Bagaimanapun masa magang di RSUD Jakarta Timur tinggal sebulan lagi, kalau bukan karena Rudi, aku bisa bertahan sebulan dan bisa diangkat jadi pegawai tetap, tapi sekarang aku terpaksa meminta tolong Budi, datang ke Bali memulai ulang masa magang.
Tapi aku tidak akan melepaskan Rudi.
Tiba-tiba ponsel bergetar, pesan dari nomor tidak dikenal.
"Maya, selamat! Dapat pemberitahuan rumah sakit, pasti senang kan?! Bagaimana rasanya? Menyesal tidak? Jalang, kalau kamu mau berlutut dan oral seks yang baik, aku bisa melupakan kelakuan kasarmu malam itu. Dan kamu kembali ke RSUPJ, hanya perlu tanda tanganku!"
Bajingan!
Aku sangat bersyukur akhirnya lepas dari cengkeramannya.
Melihat Rudi lagi, bahkan sekilas, aku tidak tahan mengangkat pisau bedah, melakukan pemotongan pada bagian-bagian tertentu yang tidak perlu ada.
Aku harus melakukan sesuatu sekarang.
Kalau tidak, meskipun aku lolos, dia akan melukai dokter dan perawat wanita lain di sekitar.
Jadi aku cepat screenshot, membuka gmail, mengetik email komite etik RSUPJ, cepat mengetik satu baris.
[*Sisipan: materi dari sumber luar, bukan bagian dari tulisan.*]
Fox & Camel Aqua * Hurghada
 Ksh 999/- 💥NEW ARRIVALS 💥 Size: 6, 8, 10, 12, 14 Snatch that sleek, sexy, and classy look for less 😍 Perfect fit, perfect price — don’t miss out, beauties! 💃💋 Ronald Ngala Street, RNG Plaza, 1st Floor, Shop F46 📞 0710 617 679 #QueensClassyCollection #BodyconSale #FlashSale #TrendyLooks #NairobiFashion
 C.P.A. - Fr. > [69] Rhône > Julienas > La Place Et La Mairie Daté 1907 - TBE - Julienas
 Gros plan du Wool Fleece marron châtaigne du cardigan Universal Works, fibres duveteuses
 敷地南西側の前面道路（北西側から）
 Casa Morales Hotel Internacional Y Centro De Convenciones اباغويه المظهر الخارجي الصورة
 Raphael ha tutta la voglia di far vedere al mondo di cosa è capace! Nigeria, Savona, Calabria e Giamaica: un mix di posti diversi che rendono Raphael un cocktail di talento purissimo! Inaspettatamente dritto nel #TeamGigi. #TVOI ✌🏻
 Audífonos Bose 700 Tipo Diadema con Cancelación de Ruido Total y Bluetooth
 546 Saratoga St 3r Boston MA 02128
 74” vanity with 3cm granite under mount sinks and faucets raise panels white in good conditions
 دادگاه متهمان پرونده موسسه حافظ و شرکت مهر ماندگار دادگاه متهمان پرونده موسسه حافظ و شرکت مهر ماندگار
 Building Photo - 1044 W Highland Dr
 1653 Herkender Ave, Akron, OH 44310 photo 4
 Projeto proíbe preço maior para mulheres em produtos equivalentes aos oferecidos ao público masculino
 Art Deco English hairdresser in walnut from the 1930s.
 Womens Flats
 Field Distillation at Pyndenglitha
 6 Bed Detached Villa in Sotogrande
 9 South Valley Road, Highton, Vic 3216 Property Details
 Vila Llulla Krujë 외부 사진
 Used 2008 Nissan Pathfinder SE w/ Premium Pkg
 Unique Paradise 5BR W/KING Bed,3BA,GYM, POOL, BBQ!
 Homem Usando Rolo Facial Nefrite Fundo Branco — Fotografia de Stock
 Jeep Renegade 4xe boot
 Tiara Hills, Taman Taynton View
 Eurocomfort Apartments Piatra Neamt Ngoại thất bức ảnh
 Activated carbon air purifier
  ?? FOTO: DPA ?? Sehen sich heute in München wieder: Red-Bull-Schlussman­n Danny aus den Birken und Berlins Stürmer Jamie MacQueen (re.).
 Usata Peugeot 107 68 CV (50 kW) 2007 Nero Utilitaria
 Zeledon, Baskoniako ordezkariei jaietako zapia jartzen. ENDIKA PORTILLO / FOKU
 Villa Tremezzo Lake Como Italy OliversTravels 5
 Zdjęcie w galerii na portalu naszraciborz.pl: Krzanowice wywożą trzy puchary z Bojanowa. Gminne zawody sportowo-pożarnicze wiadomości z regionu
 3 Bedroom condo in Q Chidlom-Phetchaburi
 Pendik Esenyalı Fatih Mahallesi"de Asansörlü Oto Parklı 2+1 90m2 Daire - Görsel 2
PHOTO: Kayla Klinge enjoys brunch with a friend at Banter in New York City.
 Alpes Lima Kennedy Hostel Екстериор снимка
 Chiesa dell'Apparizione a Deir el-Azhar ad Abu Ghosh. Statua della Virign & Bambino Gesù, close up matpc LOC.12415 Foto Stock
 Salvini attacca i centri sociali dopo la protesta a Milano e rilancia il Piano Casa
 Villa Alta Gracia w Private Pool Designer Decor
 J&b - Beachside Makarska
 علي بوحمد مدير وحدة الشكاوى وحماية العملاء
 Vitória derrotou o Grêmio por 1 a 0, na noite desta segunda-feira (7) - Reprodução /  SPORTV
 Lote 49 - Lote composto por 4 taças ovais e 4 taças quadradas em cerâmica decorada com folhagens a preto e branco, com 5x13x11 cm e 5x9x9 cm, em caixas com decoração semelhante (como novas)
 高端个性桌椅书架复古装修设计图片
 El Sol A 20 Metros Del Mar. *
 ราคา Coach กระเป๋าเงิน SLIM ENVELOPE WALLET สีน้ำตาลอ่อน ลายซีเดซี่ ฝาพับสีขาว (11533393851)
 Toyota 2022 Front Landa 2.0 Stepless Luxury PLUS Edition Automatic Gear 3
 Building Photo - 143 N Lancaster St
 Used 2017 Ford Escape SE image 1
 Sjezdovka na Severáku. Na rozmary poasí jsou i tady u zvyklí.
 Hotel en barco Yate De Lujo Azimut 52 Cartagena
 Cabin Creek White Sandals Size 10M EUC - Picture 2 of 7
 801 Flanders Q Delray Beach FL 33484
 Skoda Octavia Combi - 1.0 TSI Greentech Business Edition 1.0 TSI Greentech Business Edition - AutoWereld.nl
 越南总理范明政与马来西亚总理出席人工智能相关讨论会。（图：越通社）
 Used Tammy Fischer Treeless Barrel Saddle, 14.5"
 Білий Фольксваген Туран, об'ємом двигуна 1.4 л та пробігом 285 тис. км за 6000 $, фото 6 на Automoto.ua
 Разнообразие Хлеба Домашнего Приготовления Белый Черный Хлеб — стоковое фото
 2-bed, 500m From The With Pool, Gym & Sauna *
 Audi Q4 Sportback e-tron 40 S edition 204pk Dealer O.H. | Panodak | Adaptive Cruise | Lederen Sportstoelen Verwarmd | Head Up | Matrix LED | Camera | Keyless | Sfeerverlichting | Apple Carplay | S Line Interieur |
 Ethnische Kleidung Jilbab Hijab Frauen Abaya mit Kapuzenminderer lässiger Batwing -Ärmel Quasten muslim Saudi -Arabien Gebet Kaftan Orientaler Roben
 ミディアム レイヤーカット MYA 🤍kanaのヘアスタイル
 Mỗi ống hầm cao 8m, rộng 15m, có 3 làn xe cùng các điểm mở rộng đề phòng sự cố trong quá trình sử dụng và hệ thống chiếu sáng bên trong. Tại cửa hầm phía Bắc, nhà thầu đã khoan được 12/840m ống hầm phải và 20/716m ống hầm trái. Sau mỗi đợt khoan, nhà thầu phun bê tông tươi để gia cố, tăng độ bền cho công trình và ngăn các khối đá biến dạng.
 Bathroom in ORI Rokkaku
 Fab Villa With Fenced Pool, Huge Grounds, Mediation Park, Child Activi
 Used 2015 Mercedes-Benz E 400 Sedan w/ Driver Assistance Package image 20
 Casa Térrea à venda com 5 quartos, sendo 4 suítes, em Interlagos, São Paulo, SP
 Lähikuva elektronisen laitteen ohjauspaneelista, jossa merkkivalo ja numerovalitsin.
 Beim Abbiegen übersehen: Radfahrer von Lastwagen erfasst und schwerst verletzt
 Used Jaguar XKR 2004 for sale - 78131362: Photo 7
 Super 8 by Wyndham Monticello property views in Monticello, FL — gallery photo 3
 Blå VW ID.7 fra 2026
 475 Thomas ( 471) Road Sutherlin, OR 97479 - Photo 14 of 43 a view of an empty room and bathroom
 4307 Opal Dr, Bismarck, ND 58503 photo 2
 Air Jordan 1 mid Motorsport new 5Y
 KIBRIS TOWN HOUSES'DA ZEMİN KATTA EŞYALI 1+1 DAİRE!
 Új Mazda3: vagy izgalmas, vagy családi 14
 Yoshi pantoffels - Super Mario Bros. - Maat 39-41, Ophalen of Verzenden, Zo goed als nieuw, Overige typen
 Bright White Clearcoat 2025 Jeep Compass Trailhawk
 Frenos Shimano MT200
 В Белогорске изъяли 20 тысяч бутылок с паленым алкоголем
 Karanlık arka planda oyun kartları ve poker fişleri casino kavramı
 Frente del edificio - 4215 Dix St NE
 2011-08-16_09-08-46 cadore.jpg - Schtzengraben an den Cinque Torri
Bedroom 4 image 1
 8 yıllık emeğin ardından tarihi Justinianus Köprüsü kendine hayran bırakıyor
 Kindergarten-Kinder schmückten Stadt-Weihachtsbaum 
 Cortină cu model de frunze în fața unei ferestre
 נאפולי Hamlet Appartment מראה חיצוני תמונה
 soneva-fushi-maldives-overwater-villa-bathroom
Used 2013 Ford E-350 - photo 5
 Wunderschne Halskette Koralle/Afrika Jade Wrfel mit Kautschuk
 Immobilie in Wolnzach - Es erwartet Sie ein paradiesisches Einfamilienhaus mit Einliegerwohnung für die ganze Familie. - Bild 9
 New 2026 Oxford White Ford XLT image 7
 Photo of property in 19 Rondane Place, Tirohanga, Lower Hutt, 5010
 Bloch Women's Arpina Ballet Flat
"Tolong periksa dengan teliti pemerkosa ini! Aku tidak mau karena kepergianku dia semakin sombong, sehingga melukai lebih banyak rekan wanita yang bekerja di rumah sakit."
Kirim!
Meskipun aku tidak bisa benar-benar membuatnya dipecat, setidaknya bisa membuatnya repot untuk sementara.
Setidaknya tidak akan menggoda rekan wanita lain di rumah sakit.
Setelah sarapan, aku menerima telepon Prof. Wijaya.
"Maya, besok pagi, datang ke Rumah Sakit Jantung Premier Bali, Direktur Bedah Bapak Brandito akan mewawancaraimu langsung. Persiapkan diri baik-baik."
Aku sangat senang, hampir melompat.
Setidaknya tidak semua kabar buruk, kan?